Why an older child? Because I like babies only when they are dry, sleeping, not drooling, and not wiggling. Preferably wrapped snugly in a blanket. Besides, if I look at the baby crosswise, it might break. Ok, not really. But because of my decided lack of experience with babies, they are much more intimidating to me than a little tyke. Yes, we understand we will have certain hurdles to overcome. But they will be different hurdles than with a baby, and different hurdles than with a child I gave birth to. They will not necessarily be more or less, harder or easier. They will just be different.
Who are we? We are not super special people and our child will not be “so blessed to have us as parents”. We're just people. Very human, very fallible people with a very human, very fallible child. Just like anyone else that gave birth to a child.
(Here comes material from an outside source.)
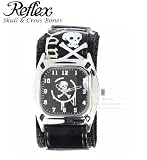 Reflex - KID-0037 - Montre Noire pour Garçon Ornée dune Tête de mort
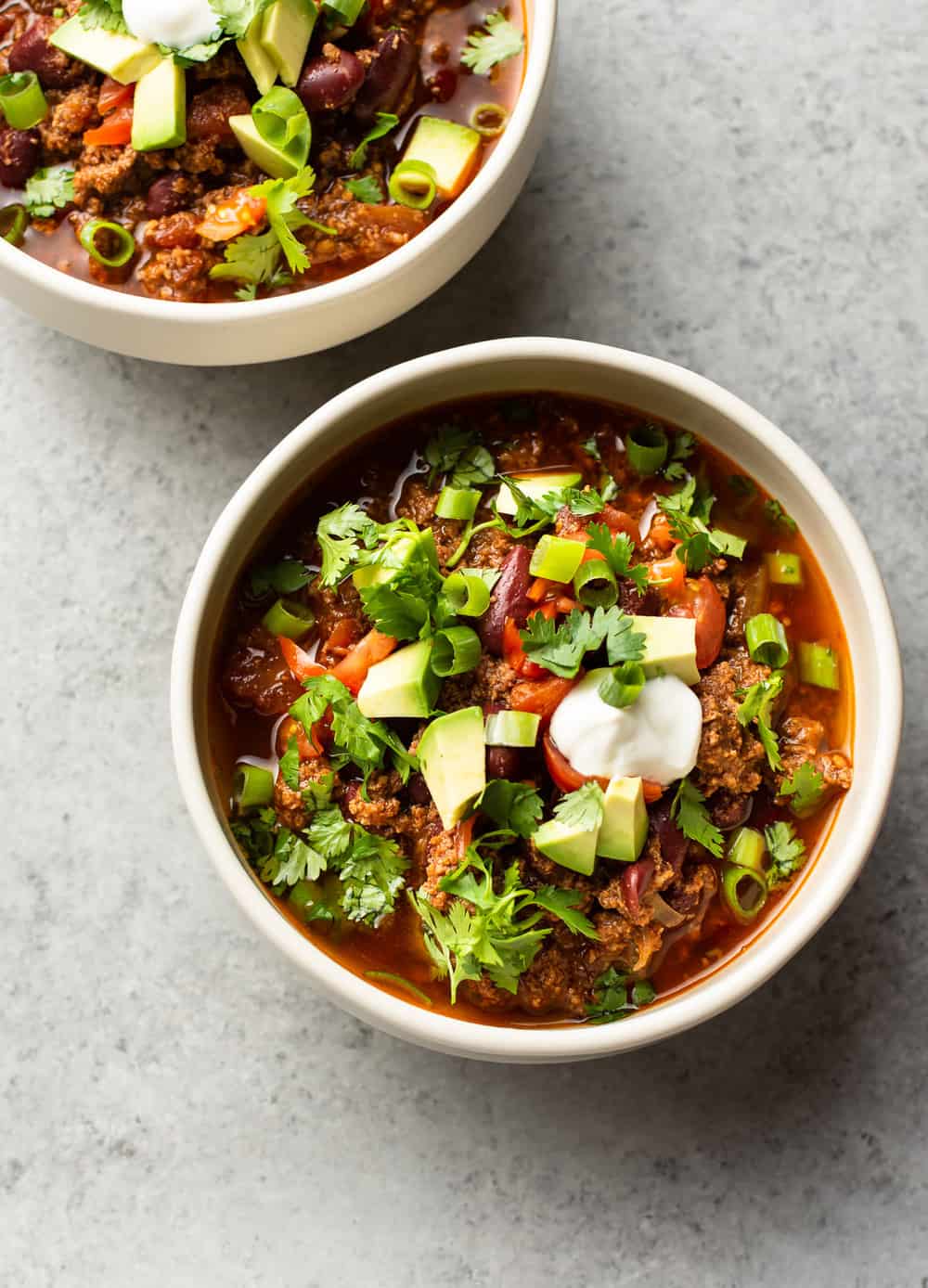 two bowls of Instant Pot chili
We will be the blessed ones that God has entrusted to care for and raise one of His creations!
Yes, I know that my son will be (gasp!) black. My current view on that? Cool! He will have God-given camouflage, he won't sunburn, his zits won't be red blotches on his face like they are on mine, and he'll never become pale in the winter! And, he'll be easy to find in a crowd of kids. Maybe some day we'll add some “caramel” to our “vanilla” and “chocolate” family. Color is beautiful.
Where are we currently at in the adoption process? We have completed our Home-study and Dossier (9 months of paperwork) and are currently waiting for our referral. When we receive our referral (hopefully before Christmas) it will contain a picture, name, medical report, and any social background that is known about our Little Guy. In the mean time, we wait, resting in the God who Sees. I do not want that referral a moment before God has planned, and certainly not a moment later!